Favand-See, who moved to Oregon two years ago from New York, wrote the piece for a competition that required a text about the sun. Fortunately, she’s married to a poet, Corin See, a “built-in lyricist” who responded to her request with a poem about the solstice that used one of my own favorite poetic forms, the pantoum, a 15th century Malayan structure in which the second and fourth lines of the first stanza become the first and third lines of the next, which continues until the end, which repeats the opening lines. French poets appropriated the form in the 19th century — which probably explains how Maurice Ravel came to use it to structure the second movement of his Piano Trio being played this weekend at Chamber Music Northwest!

“As I was composing this piece,” Favand-See wrote, “I related the slow progress of the sun (towards the long, golden days of midsummer) to my somewhat steady daily practice (of singing and composing) that may (over years of work) lead to flow and ease.”

Favand-See (who also sings with top city choruses Resonance Ensemble and Cappella Romana)  told me last week that moving to Oregon helped her find a way to achieve daily discipline in her art, just as she’d hoped when she and her husband moved here in search of a more nurturing creative environment. “I was experiencing the fulfillment and joy of taking a risk to be able to do something I really wanted to do,” she explains. She’s found that Portland’s lifestyle has enabled her to do that, and she praises the city’s stimulating arts culture — especially an often overlooked factor in it: our open-minded audiences. They’re the listeners who’ll appreciate the new and varied sounds on display at the CMNW and Julians concerts this weekend.

Lighting the leaves
After three days the same,*
Sun creeps through the forest,
Lighting the leaves,
Taller each noon.
Sun creeps through the forest
On fireproof stilts;
Taller each noon,
More jaunty in his step.
On fireproof stilts
He takes to the branches–
More jaunty in his step,
He’s gliding.
He takes to the branches–
Then, one day,
He’s gliding
Above the bright buds.
Then, one day,
Slowly bringing you,
Above the bright buds,
All the gold in the world.
Slowly bringing you,
After three days the same,
All the gold in the world
lighting the leaves.
– Corin See

______________
* During the solstices, winter or summer, the sun appears, to the unassisted human eye, to be at the same height for three successive days.


Another adventurous Oregon music institution, Opera Theater Oregon, continues its Opera vs.
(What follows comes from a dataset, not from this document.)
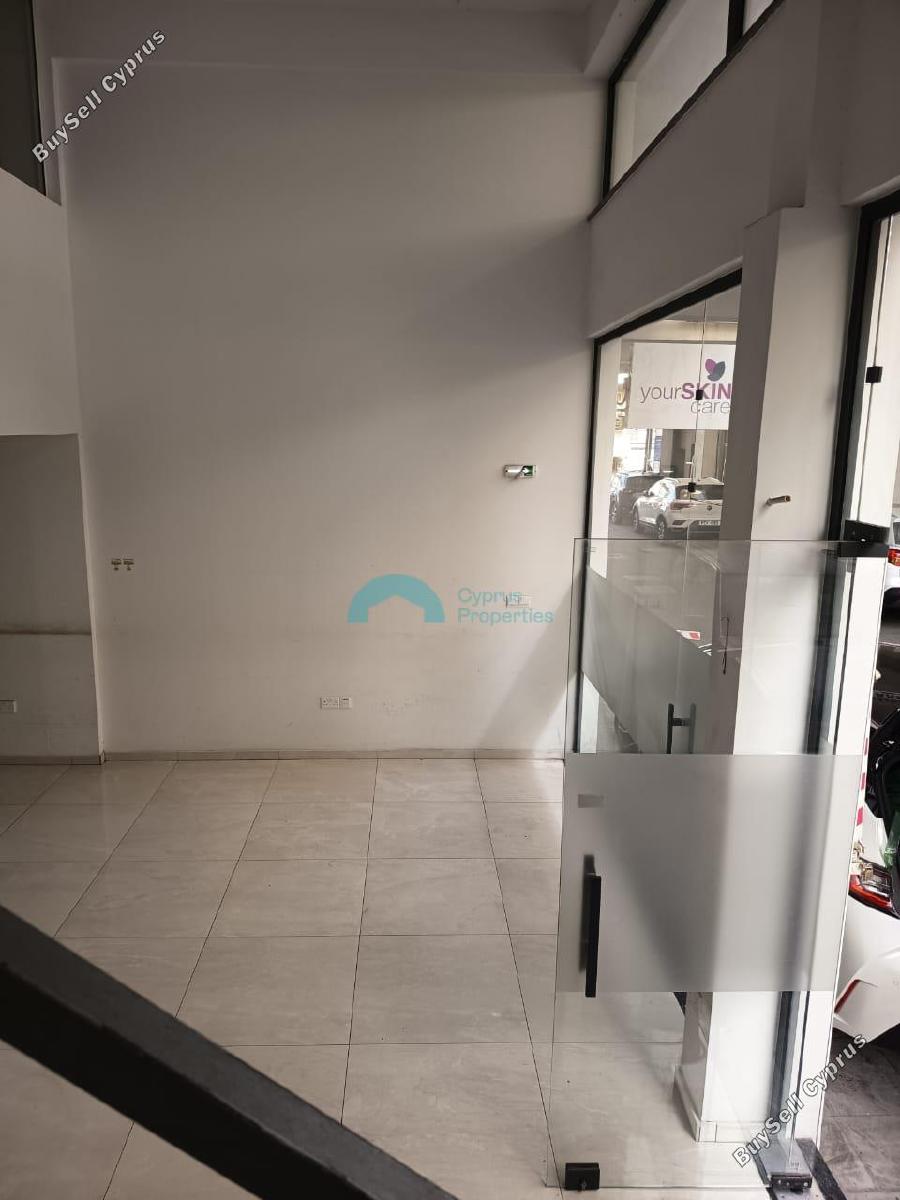 studio shop for rent larnaca municipality larnaca 7975371 image 11491033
Cinema series Friday at Portland’s Mission Theater. Pianist Douglas Schneider (who took a solo role in their last such mashup in December) receives assistance from Oregon Symphony/45th Parallel violinist Greg Ewer in improvising on themes from Aida to accompany a screening of Fritz Lang’s classic silent dystopian film Metropolis. Singer Helen Funston and harpist Kate Petak will also perform.

Fans of more traditional opera have one more chance (Saturday at Keller Auditorium) to catch Portland Opera’s Madame Butterfly, which you’ve heard and read much about here (Angela Allen) and here (Bob Hicks). My own review appears in this week’s Willamette Week, James Bash’s is in Oregon Music News, and James McQuillen’s is in The Oregonian. I’ll save you the trouble: they’re all raves.
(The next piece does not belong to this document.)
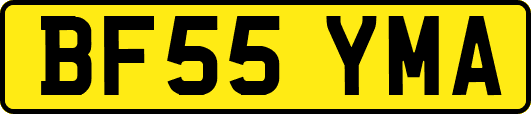 BF55YMA
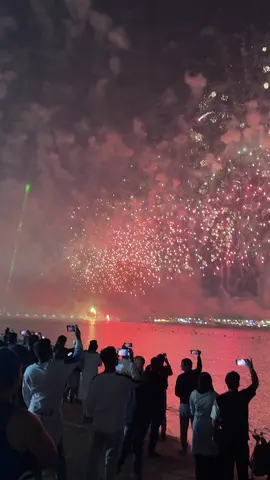 Eid ul itehad 2025 #eiduletihad🇰🇼 #2025 #millionviews #💕💕💕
Portland Opera's much praised Madame Butterfly stars Kelly Kaduce and Roger Honeywell

Listeners in search of other older sounds can enjoy the Portland Baroque Orchestra’s concerts featuring two of the world’s greatest Baroque flutists, Janet See and Matthias Maute, in music of J.S. Bach, Georg Phillip Telemann and others, at First Baptist Church Friday and Saturday.

Speaking of Ravel, as we were earlier, pianist Paul Roberts is writing a book about him and playing his music and that of Debussy (whose music he’s also written a book about) in Portland Sunday, but the Portland Piano International show is, alas, sold out, so you’ll have to check back here next week for our coverage of it, and an interview with the remarkable Mr. Roberts.

In Eugene, the Oregon Mozart Players play an excellent program of music by Igor Stravinsky (his Pulcinella ballet music) and their namesake, including his stirring Symphony #29 and charming Piano Concerto #17, with University of Oregon faculty member Dean Kramer as soloist. The concert, at the Hult Center’s Soreng Theater Saturday, concludes the fine chamber orchestra’s auditions for the post of music director; the candidate this time is frequent OMP guest conductor Michael Nowak, who directs the San Louis Obispo Symphony.

And speaking of the UO, and new music sopranos (as we were a few hundred words ago), the school’s Vanguard Series brings acclaimed early music soprano Esteli Gomez to sing music written for her by UO composers at Beall Concert Hall on Sunday. And across the big river, Bravo Vancouver is staging Leonard Bernstein’s characteristically over-the-top, rock meets classical meets the ‘60s Mass, a spectacle worth experiencing at least once, on Sunday at St. Joseph Catholic Church.